Sorry for the delay in coming back to this, I had to make a small detour and go study how the whole debug map implementation works :slight_smile:

I’ve been debating the two proposed solutions:

  • Preemptively patching the debug_addr section when we load the oso file inside SymbolFileDWARFDebugMap.
  • On-the-fly patching the addresses returned by DWARFUnit::ReadAddressFromDebugAddrSection using some callback installed inside DWARFUnit.

However, both of those create an inconsistent story for users of DWARFExpression::GetLocation_DW_OP_addr. This function returns an address, without telling callers whether that address came from an OP_addr or an OP_addrx. If we preemptively fix OP_addrx results without doing the same for OP_addr results, then callers can’t know whether the address they got was an executable address or an object file address. In other words, they can’t know whether they need to call LinkOSOFileAddress on those results or not.

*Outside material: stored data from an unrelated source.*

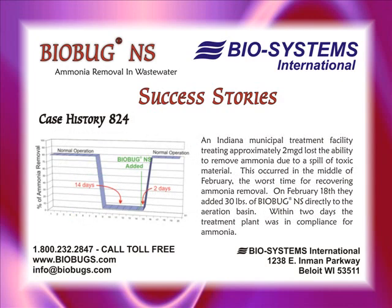An Indiana municipal treatment facility treating approximately 2 MGD lost the ability to remove ammonia due to a spill of toxic material. This occurred in the middle of February, the worst time for recovering ammonia removal. On February 18th, they added 30 pounds of BioBugNS directly to the aeration basin. Within two days, the treatment plant was in compliance for ammonia.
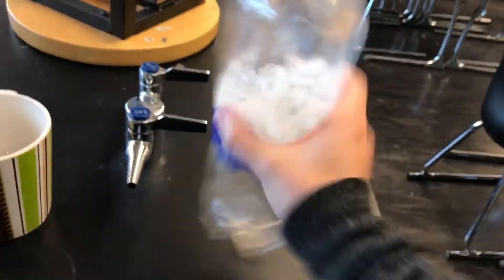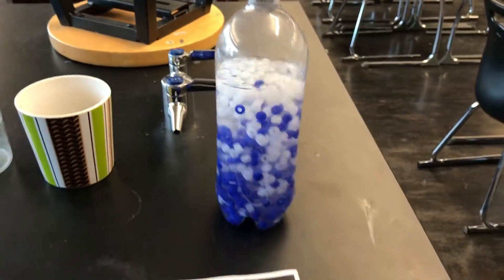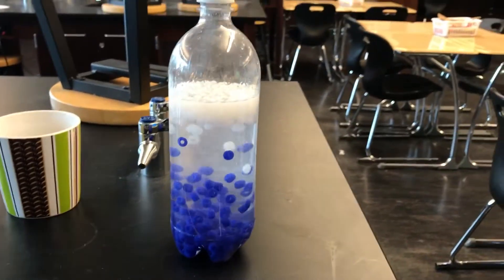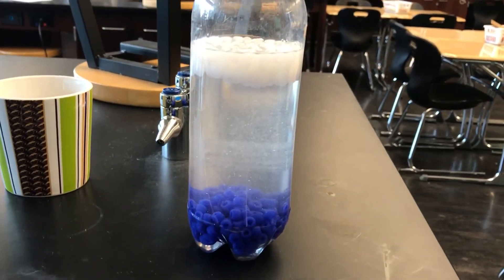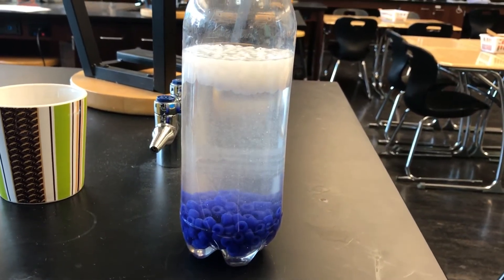So I have the bottle here. I'm going to shake it up first, and we're going to have a before picture and an after picture. I'm going to pretty much say nothing — just take a look at what happens.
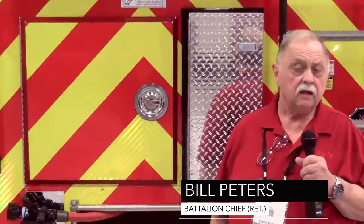Hi, I'm Bill Peters of Fire Apparatus Magazine. Today's apparatus tip involves backing up.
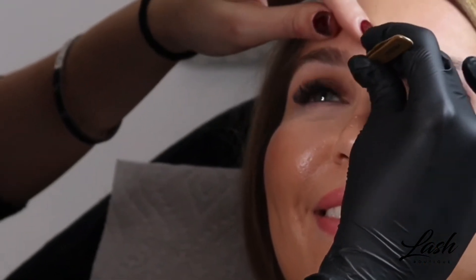So for your eyebrow design, we can use different techniques like threading, sugaring, waxing, tweezing, and trimming. For an eyebrow tint, we usually use either tint or henna, depending on your desired result.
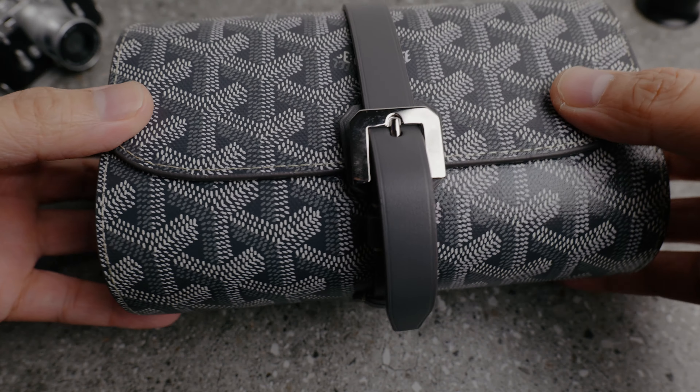Hi guys, Eric here from Alozo. Today we will do a special unboxing and review something different — a luxury watch roll.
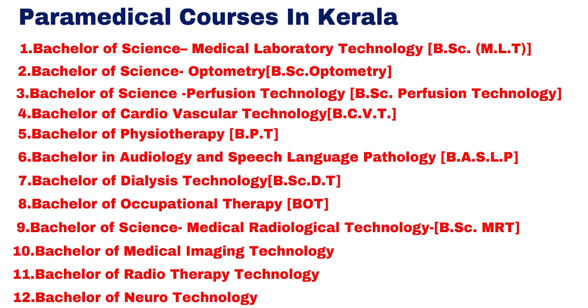Further courses include Medical Imaging Technology, Radio Therapy Technology, and Neuro Technology.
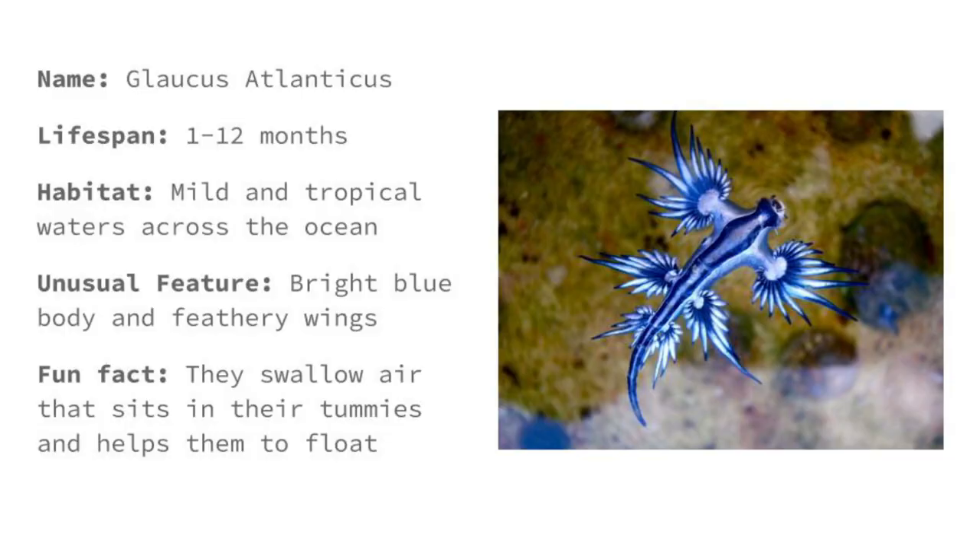I've heard of this one before, and if I've taught you before I've probably shown you this incredible animal. It's called the Glaucus Atlanticus. This one definitely looks like a Pokémon — that's because a Pokémon was actually based on this real life animal.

There is an even bigger problem here. Inside SymbolFileDWARF::ParseVariableDIE, there is a third use case for the GetLocation_DW_OP_addr / UpdateLocation_DW_OP_addr pair of functions. In particular, for external variables, we have this check:

if (is_external && location_DW_OP_addr ==0)

The idea being that “address 0 is used for external variables, so we need to do some magic”.
Here, we query the executable’s symbol table to figure out the real address of the variable based on its name, and then we call UpdateLocation_DW_OP_addr. If such a location came from an OP_addrx, we would be doing the wrong thing (the Update function is a no-op in this case, and we definitely don’t want to call LinkOSOFileAddress for these). This is not a hypothetical, it is what we will see if we compile lldb/test/API/lang/c/global_variables/a.c with DWARF 5.

With all that in mind, I am taken back to that very first idea I had in this thread, where the update function rewrites OP_addrx into OP_addr (⚙ D153891 [lldb] Consider OP_addrx in DWARFExpression::Update_DW_OP_addr). This seems to give a consistent story to the GetLocation / UpdateLocation functions.

Can you think of any other alternatives?